[INPUT Boundary: Start]

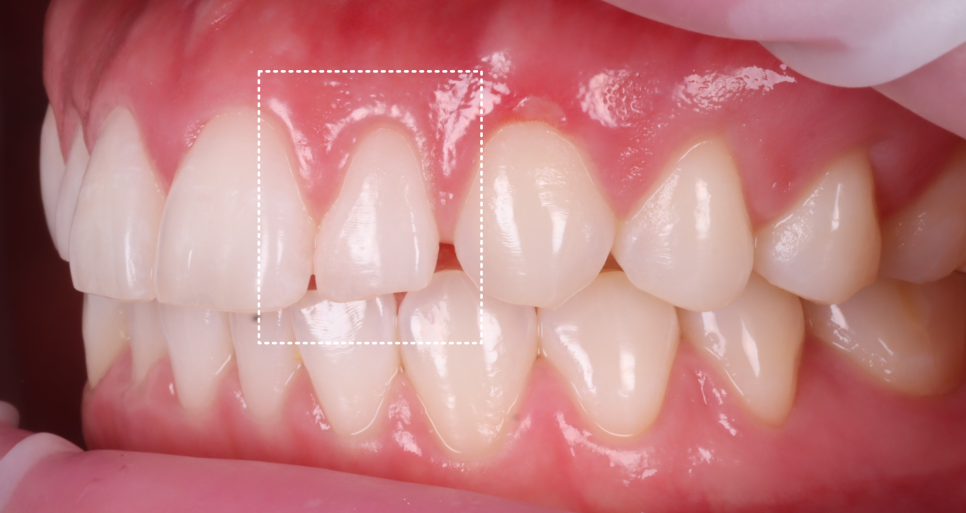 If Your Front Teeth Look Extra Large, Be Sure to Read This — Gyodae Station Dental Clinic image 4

[INPUT Boundary: End]
[INPUT Boundary: Start]

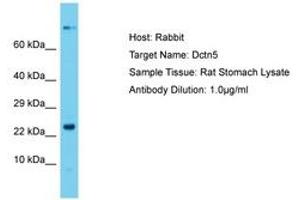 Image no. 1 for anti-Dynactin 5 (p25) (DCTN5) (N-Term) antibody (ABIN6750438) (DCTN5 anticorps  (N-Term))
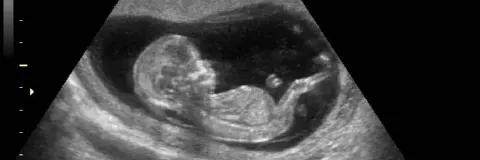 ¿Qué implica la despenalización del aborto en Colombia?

[INPUT Boundary: End]

**DESCRIPTION OF THE TASK**
Look above for the line containing "Image no. 1", then write out every line from there down to the line containing "aborto en Colombia?", that line included, with no pictures.

**RESPONSE TO THE EXERCISE**
 Image no. 1 for anti-Dynactin 5 (p25) (DCTN5) (N-Term) antibody (ABIN6750438) (DCTN5 anticorps  (N-Term))
 ¿Qué implica la despenalización del aborto en Colombia?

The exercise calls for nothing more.